## Directions
Print the records below exactly, from the line containing "Basically, what happens" down to the line containing "Also, perhaps even", both lines included, and omit every picture.

(Stored data entries)
- - - - - - -
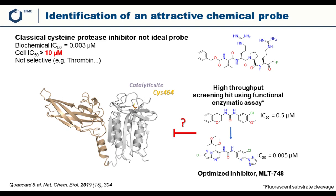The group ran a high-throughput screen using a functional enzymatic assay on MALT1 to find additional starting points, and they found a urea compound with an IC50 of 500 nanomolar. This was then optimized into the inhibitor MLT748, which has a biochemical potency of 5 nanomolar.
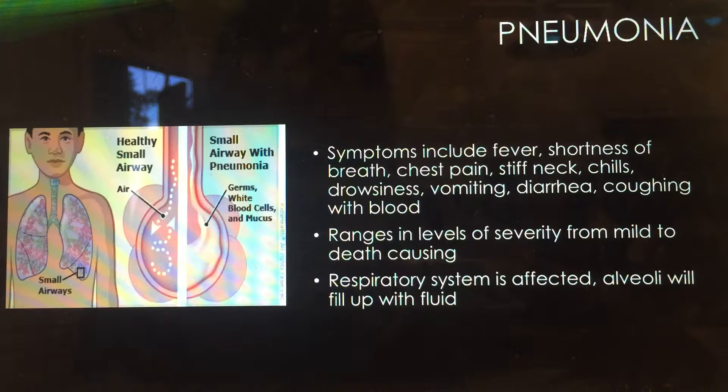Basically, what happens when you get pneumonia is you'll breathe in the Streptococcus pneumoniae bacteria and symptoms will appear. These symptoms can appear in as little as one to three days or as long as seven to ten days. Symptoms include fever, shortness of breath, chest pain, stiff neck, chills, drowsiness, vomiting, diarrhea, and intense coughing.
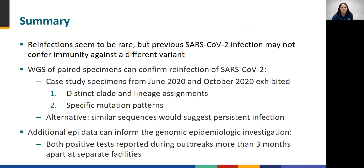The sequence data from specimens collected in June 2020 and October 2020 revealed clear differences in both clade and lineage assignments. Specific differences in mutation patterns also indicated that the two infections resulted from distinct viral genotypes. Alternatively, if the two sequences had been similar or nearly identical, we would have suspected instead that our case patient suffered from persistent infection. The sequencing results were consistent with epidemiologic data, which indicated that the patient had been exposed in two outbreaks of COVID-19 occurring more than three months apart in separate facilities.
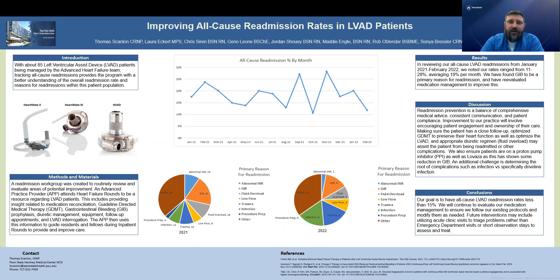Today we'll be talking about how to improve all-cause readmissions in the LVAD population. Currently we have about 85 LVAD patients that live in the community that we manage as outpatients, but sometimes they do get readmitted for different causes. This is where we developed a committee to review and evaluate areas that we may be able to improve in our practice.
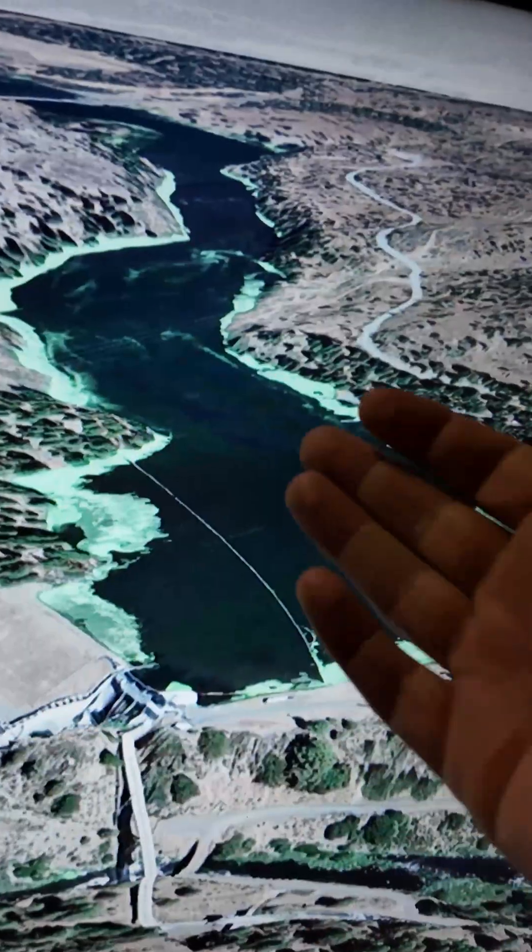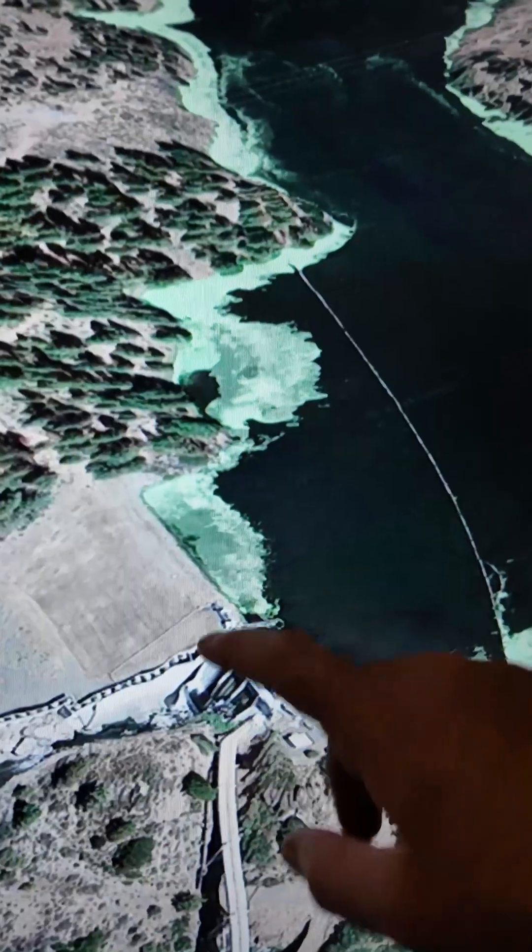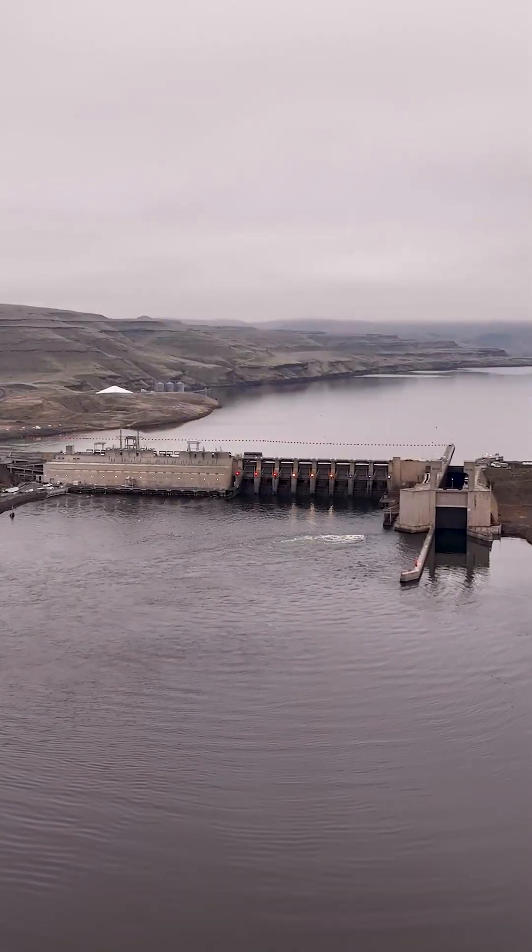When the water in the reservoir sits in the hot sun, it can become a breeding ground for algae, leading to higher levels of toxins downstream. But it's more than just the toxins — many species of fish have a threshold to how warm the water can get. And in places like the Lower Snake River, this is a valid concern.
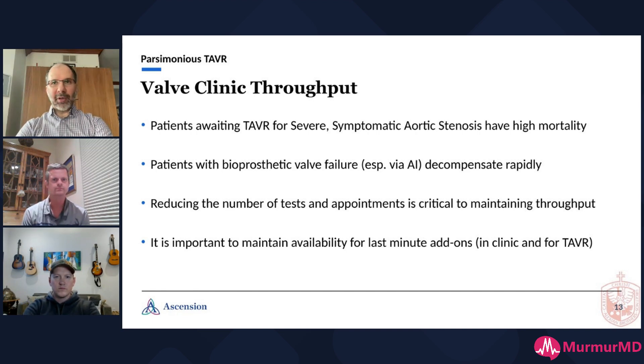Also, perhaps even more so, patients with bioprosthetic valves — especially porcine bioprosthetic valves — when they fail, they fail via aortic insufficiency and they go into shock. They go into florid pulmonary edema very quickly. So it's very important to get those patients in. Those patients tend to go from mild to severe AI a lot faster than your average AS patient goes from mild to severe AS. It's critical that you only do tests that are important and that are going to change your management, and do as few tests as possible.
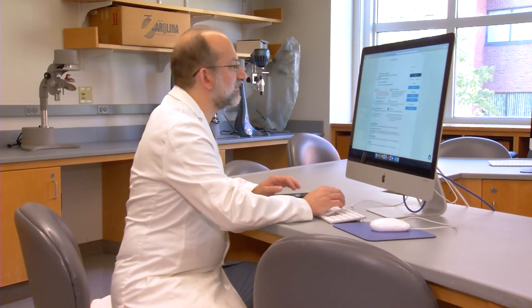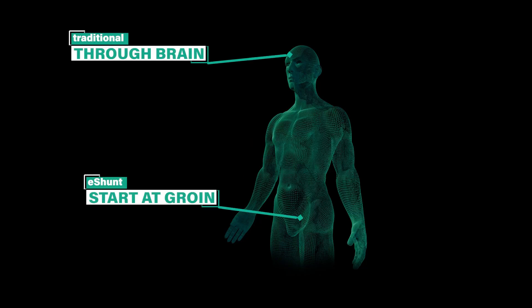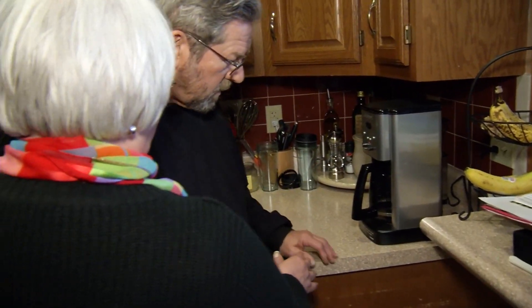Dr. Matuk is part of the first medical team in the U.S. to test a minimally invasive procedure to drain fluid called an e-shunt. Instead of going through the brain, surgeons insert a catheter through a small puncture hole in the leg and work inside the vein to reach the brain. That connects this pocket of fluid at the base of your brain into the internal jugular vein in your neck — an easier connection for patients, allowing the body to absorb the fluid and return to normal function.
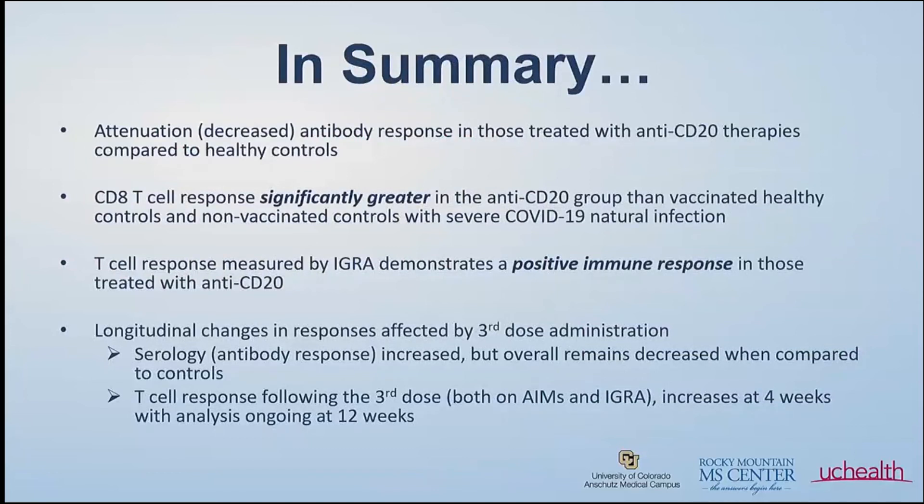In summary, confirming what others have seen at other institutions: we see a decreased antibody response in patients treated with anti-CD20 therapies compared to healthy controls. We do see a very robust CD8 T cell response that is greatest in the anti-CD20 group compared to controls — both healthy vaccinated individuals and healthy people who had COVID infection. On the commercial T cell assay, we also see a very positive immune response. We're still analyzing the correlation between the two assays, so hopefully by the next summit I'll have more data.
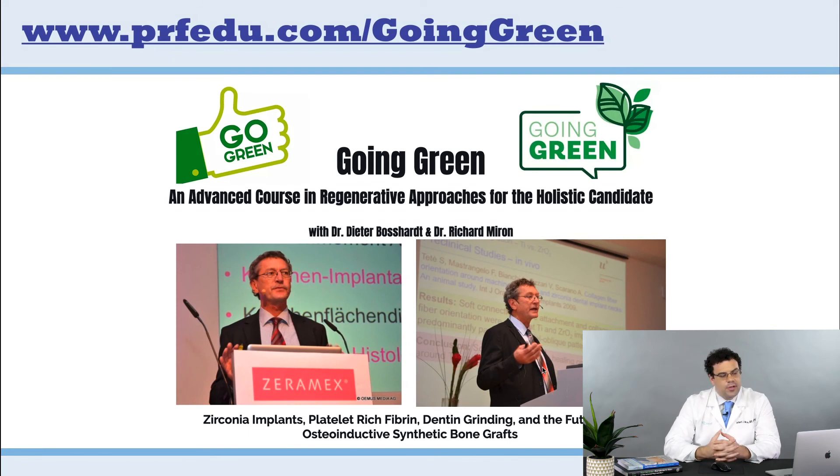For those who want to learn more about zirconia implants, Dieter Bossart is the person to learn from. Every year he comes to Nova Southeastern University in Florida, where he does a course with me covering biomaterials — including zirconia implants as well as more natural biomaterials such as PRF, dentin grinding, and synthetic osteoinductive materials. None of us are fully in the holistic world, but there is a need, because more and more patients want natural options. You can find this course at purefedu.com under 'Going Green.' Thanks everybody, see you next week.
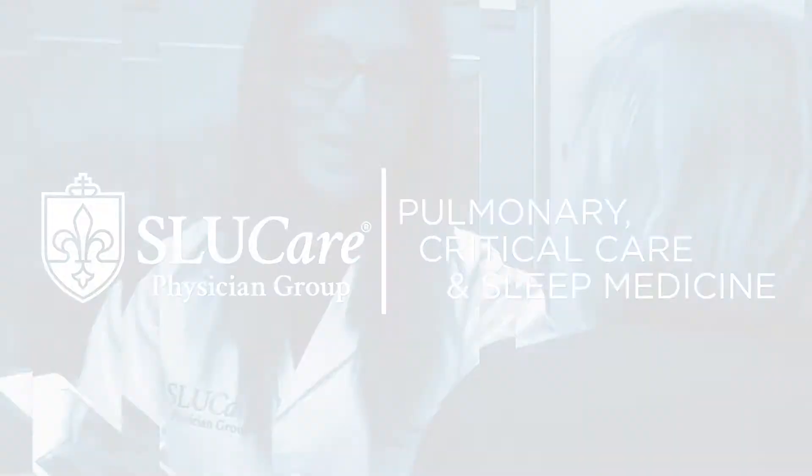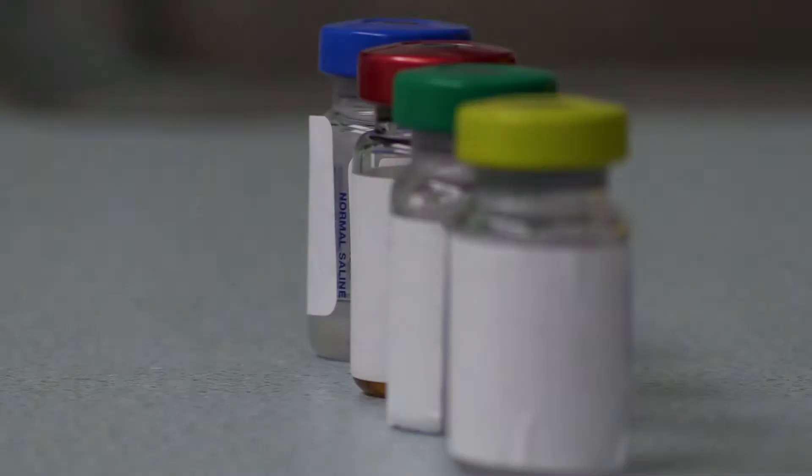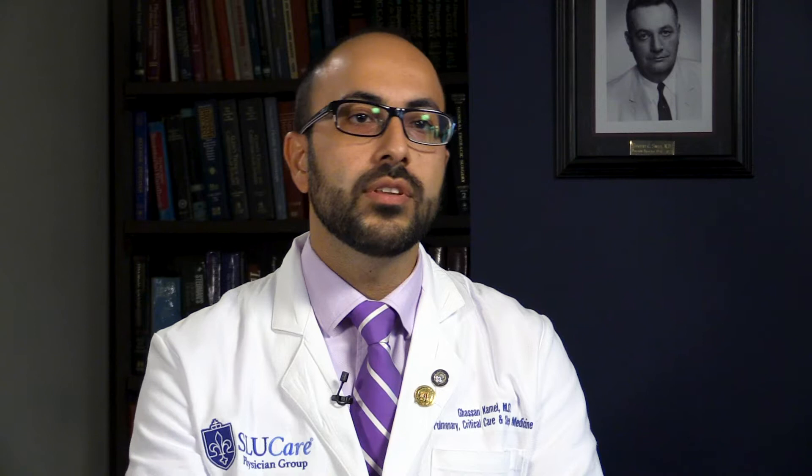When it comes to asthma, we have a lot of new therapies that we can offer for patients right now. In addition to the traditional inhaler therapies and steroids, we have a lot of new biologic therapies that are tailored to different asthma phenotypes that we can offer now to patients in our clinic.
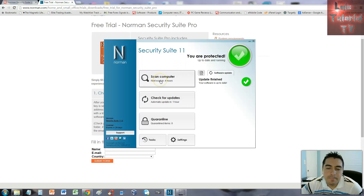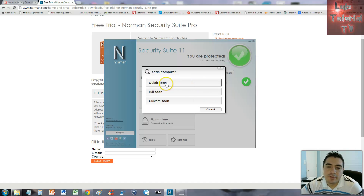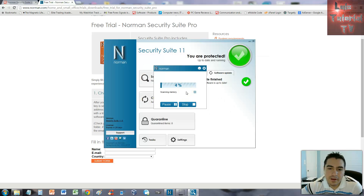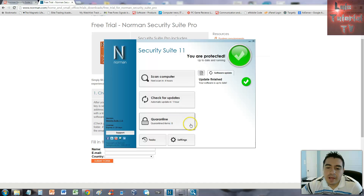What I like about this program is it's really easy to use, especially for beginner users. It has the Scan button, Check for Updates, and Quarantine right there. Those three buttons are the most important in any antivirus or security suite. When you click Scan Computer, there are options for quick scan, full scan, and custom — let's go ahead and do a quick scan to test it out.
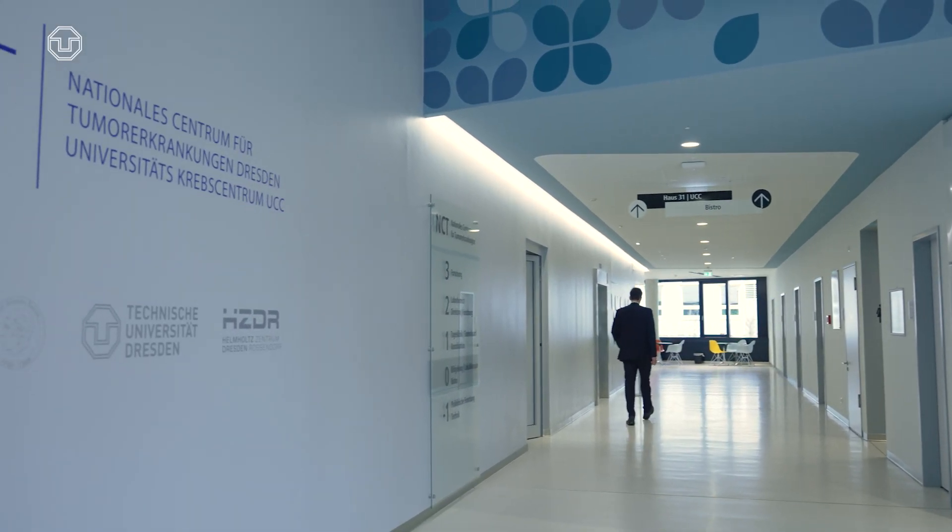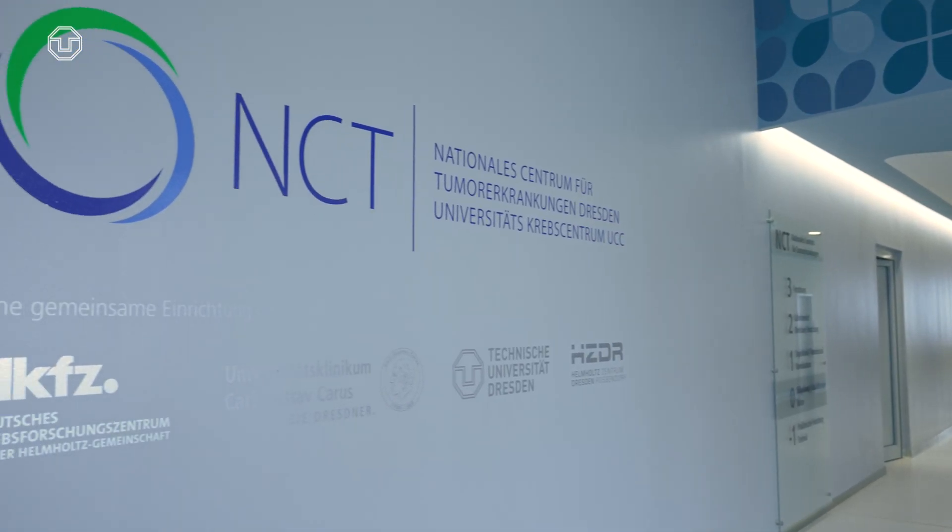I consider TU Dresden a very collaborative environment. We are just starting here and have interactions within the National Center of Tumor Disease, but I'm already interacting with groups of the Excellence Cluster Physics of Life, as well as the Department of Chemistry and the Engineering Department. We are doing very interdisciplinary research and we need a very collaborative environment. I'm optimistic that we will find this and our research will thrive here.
- - - - - - -
## Output of the task
Basically, what happens when you get pneumonia is you'll breathe in the Streptococcus pneumoniae bacteria and symptoms will appear. These symptoms can appear in as little as one to three days or as long as seven to ten days. Symptoms include fever, shortness of breath, chest pain, stiff neck, chills, drowsiness, vomiting, diarrhea, and intense coughing.
The sequence data from specimens collected in June 2020 and October 2020 revealed clear differences in both clade and lineage assignments. Specific differences in mutation patterns also indicated that the two infections resulted from distinct viral genotypes. Alternatively, if the two sequences had been similar or nearly identical, we would have suspected instead that our case patient suffered from persistent infection. The sequencing results were consistent with epidemiologic data, which indicated that the patient had been exposed in two outbreaks of COVID-19 occurring more than three months apart in separate facilities.
Today we'll be talking about how to improve all-cause readmissions in the LVAD population. Currently we have about 85 LVAD patients that live in the community that we manage as outpatients, but sometimes they do get readmitted for different causes. This is where we developed a committee to review and evaluate areas that we may be able to improve in our practice.
When the water in the reservoir sits in the hot sun, it can become a breeding ground for algae, leading to higher levels of toxins downstream. But it's more than just the toxins — many species of fish have a threshold to how warm the water can get. And in places like the Lower Snake River, this is a valid concern.
Also, perhaps even more so, patients with bioprosthetic valves — especially porcine bioprosthetic valves — when they fail, they fail via aortic insufficiency and they go into shock. They go into florid pulmonary edema very quickly. So it's very important to get those patients in. Those patients tend to go from mild to severe AI a lot faster than your average AS patient goes from mild to severe AS. It's critical that you only do tests that are important and that are going to change your management, and do as few tests as possible.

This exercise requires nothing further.